AIM OF THE TASK. Output, word for word, the line that contains "活检报告子宫颈慢性炎症,宫颈活检能查出子宫内的病吗" and all lines after it in the records below, omitting pictures.

Brief descriptive captions
........
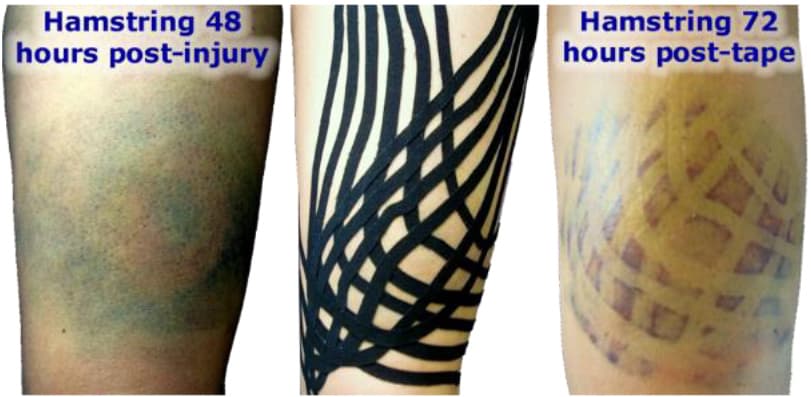Taping-Elastico-Effetto-Edema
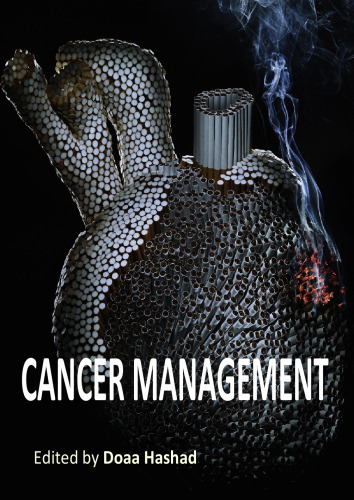 Cancer Management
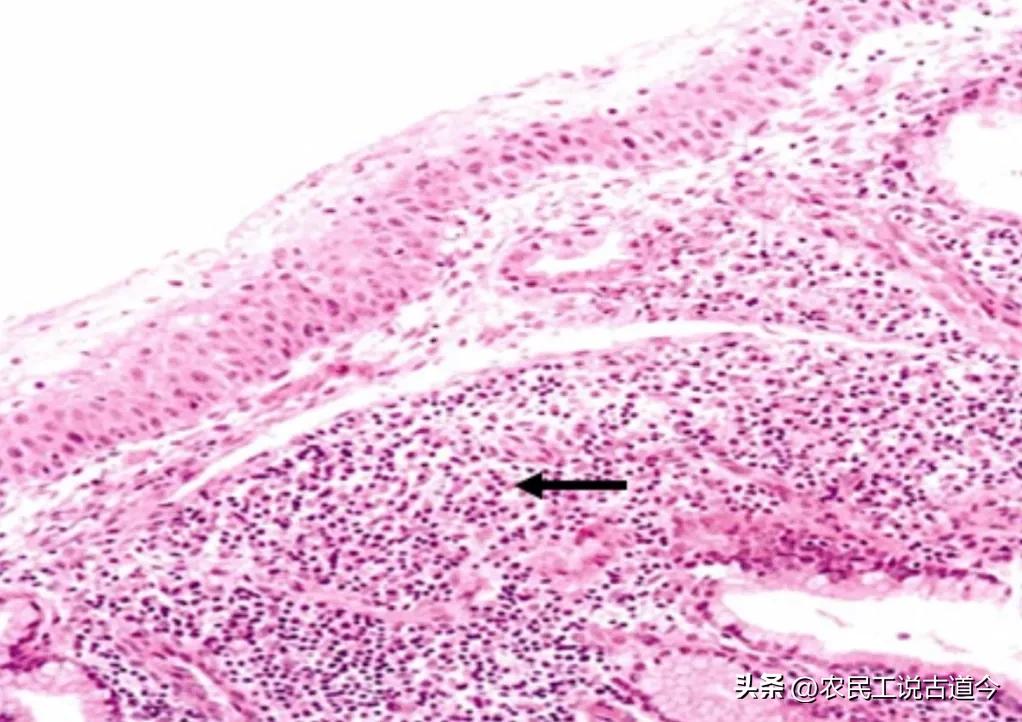 活检报告子宫颈慢性炎症,宫颈活检能查出子宫内的病吗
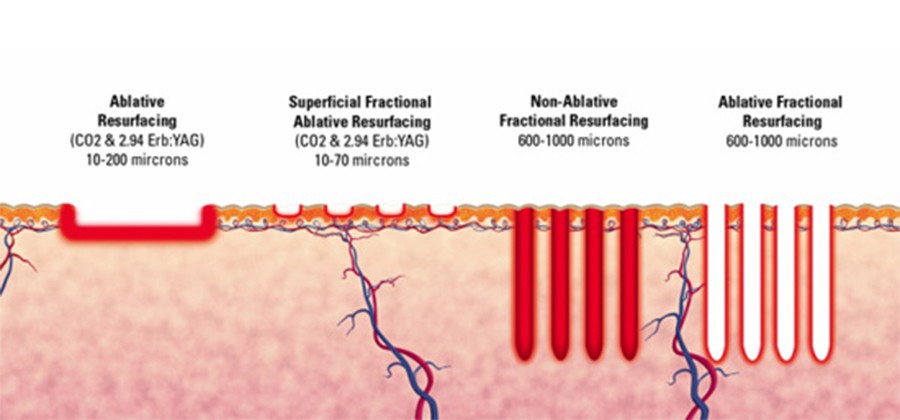 กลไกการทำงานของ Program LaserMe กลไกการทำงานของ Program LaserMe
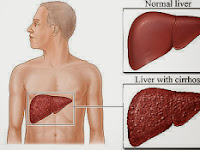 Bahaya Komplikasi Penyakit Sirosis Hati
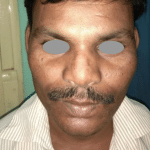 Rhinoplasty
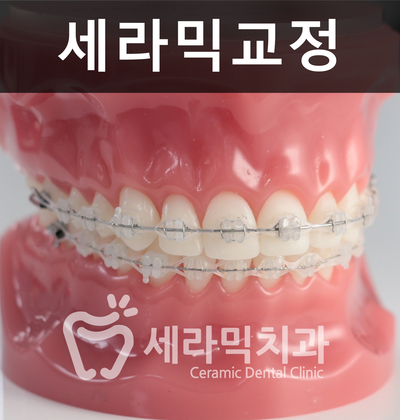 세라믹치과에서 세라믹교정이 인기있는 이유! 관련 이미지 4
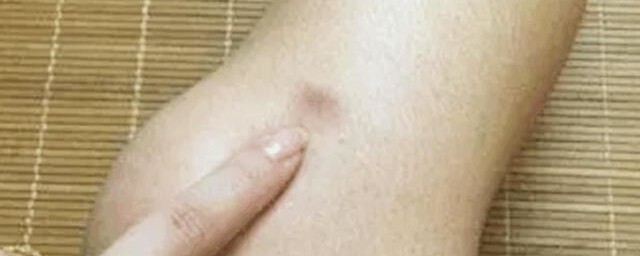 腿上莫名有淤青是不是被鬼掐的(腿上无故淤青不痛是鬼掐的)
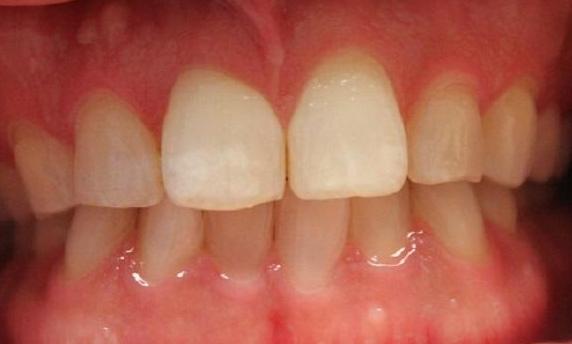 teeth before a Zoom! teeth whitening treatment | teeth whitening vienna va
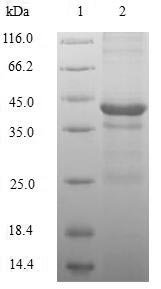 Human Histone H2A.Z (H2AZ1) Recombinant Protein, Homo sapiens (Human), E.coli, N-terminal GST-tagged, 40.2 kDa, purity >≥ 90% as determined by SDS-PAGE.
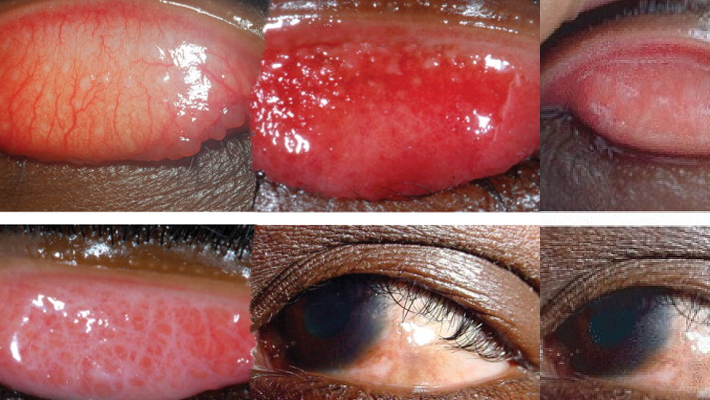 Trachoma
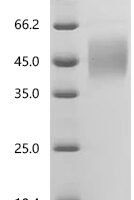 Human Interleukin-10 receptor subunit alpha (IL10RA), partial Recombinant Protein, C-10His - BioCrest Sci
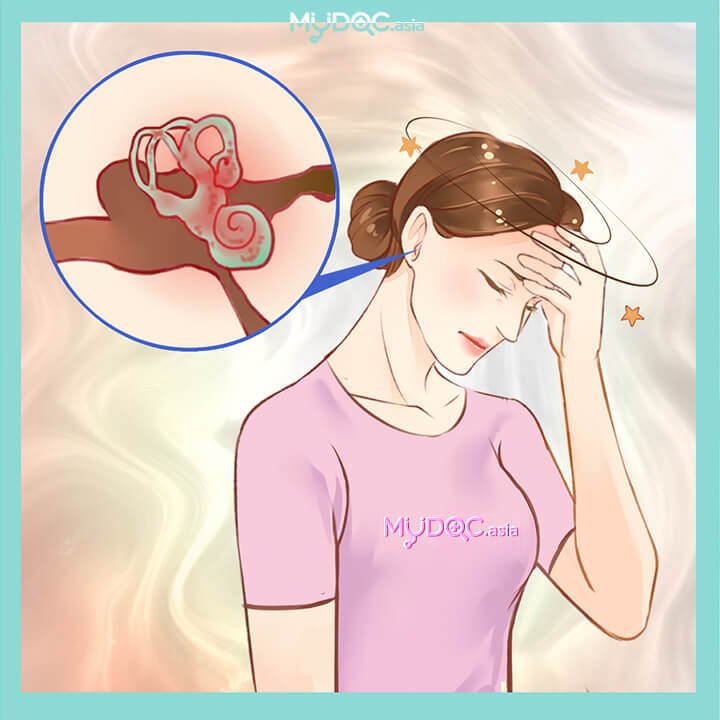 Labyrinthitis Treatment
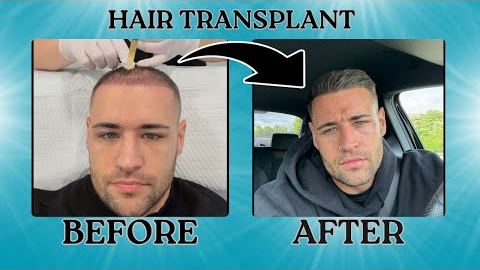 My Second Hair Transplant | 5 month Update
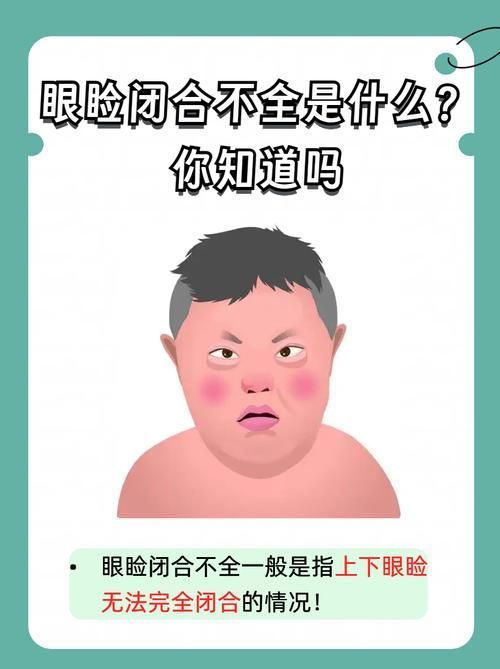 蒙眼和凸眼哪個更嚴重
........
EXERCISE ANSWER.
 活检报告子宫颈慢性炎症,宫颈活检能查出子宫内的病吗
 กลไกการทำงานของ Program LaserMe กลไกการทำงานของ Program LaserMe
 Bahaya Komplikasi Penyakit Sirosis Hati
 Rhinoplasty
 세라믹치과에서 세라믹교정이 인기있는 이유! 관련 이미지 4
 腿上莫名有淤青是不是被鬼掐的(腿上无故淤青不痛是鬼掐的)
 teeth before a Zoom! teeth whitening treatment | teeth whitening vienna va
 Human Histone H2A.Z (H2AZ1) Recombinant Protein, Homo sapiens (Human), E.coli, N-terminal GST-tagged, 40.2 kDa, purity >≥ 90% as determined by SDS-PAGE.
 Trachoma
 Human Interleukin-10 receptor subunit alpha (IL10RA), partial Recombinant Protein, C-10His - BioCrest Sci
 Labyrinthitis Treatment
 My Second Hair Transplant | 5 month Update
 蒙眼和凸眼哪個更嚴重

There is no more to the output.